# Hardware upgrade für TESO?



## Benne74 (13. Januar 2021)

Hallo,

meine Schwester hat im PVP massive Performanceprobleme bis hin zur Unspielbarkeit. Diese treten allerdings nach Ihrer Beschreibung in erster Linie mit einem "Hüter" auf. Mit ihrer "Nachtklinge" hat sie keine Probleme.
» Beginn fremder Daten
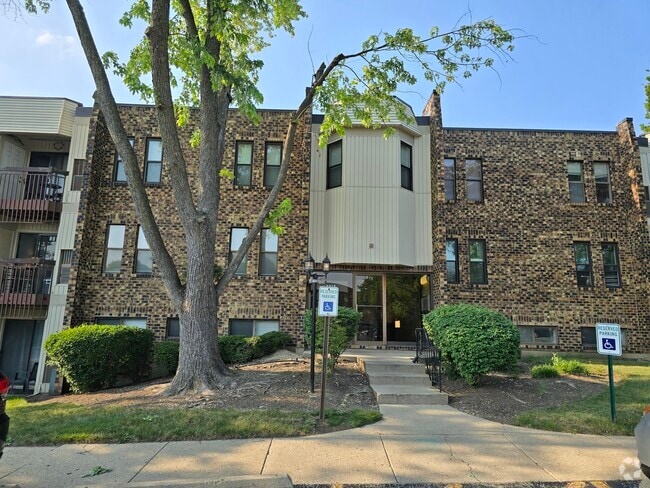 Building Photo - 2212 Country Club Dr Unit 2 Rental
Teflektionen wurden bereits heruntergeschraubt ohne eine spürbare Verbesserung . Auch Veränderung der Sichtweite brachte nichts.
Falsch getippt... Sorry

Hier ist noch die Hardwareausstattung.

CPU: Ryzen 1700
MB: Asroch B350 Pro 4
Ram: 16 Gb Kingston (2x8) Dual-Ranked
Graka: Sapphire Radeon R9 290

Ist es wohl eher die CPU oder die Graka?

Vielen Dank schon einmal für Eure Tips.


----------



## psalm64 (13. Januar 2021)

Um mal HisN zu zitieren:








						FAQ: Performance-Probleme. Es Ruckelt. FPS brechen ein. Framedrops. Lags.
					

Performance Probleme  Wer kennt das nicht, man zockt sein Lieblingsspiel, ein neues Spiel oder einen Oldie, und plötzlich ruckeln die Frames nur so über den Schirm. Falls es tatsächlich ein Hardware-Problem sein sollte, lässt sich das sehr einfach feststellen. Alles was ihr dazu braucht sind...




					www.computerbase.de
				



Damit sollte man sehen können, wo das Problem liegt.
Schnelle aber eher ungenaue Methode, könnte für eine erste Einschätzung aber reichen:
Task-Manager aufmachen, auf Reiter Leistung wechseln und zocken. Wenn das Problem auftritt aus dem Spiel gehen und auf die Graphen gucken, wenn da irgendwas auf Anschlag ist, ist das Problem vielleicht gefunden.

Abgesehen davon:
In welcher Auflösung und in etwa welchen Einstellungen wird gespielt... Mir hilft das zwar nichts, weil ich das Spiel nicht kenne, aber vielleicht kann das dann jemand anders einschätzen der TESO kennt?


----------



## Benne74 (13. Januar 2021)

Auflösung ist 1920 x 1080.
Internetverbindung ist eine 16000er DSL Leitung von Vodafone.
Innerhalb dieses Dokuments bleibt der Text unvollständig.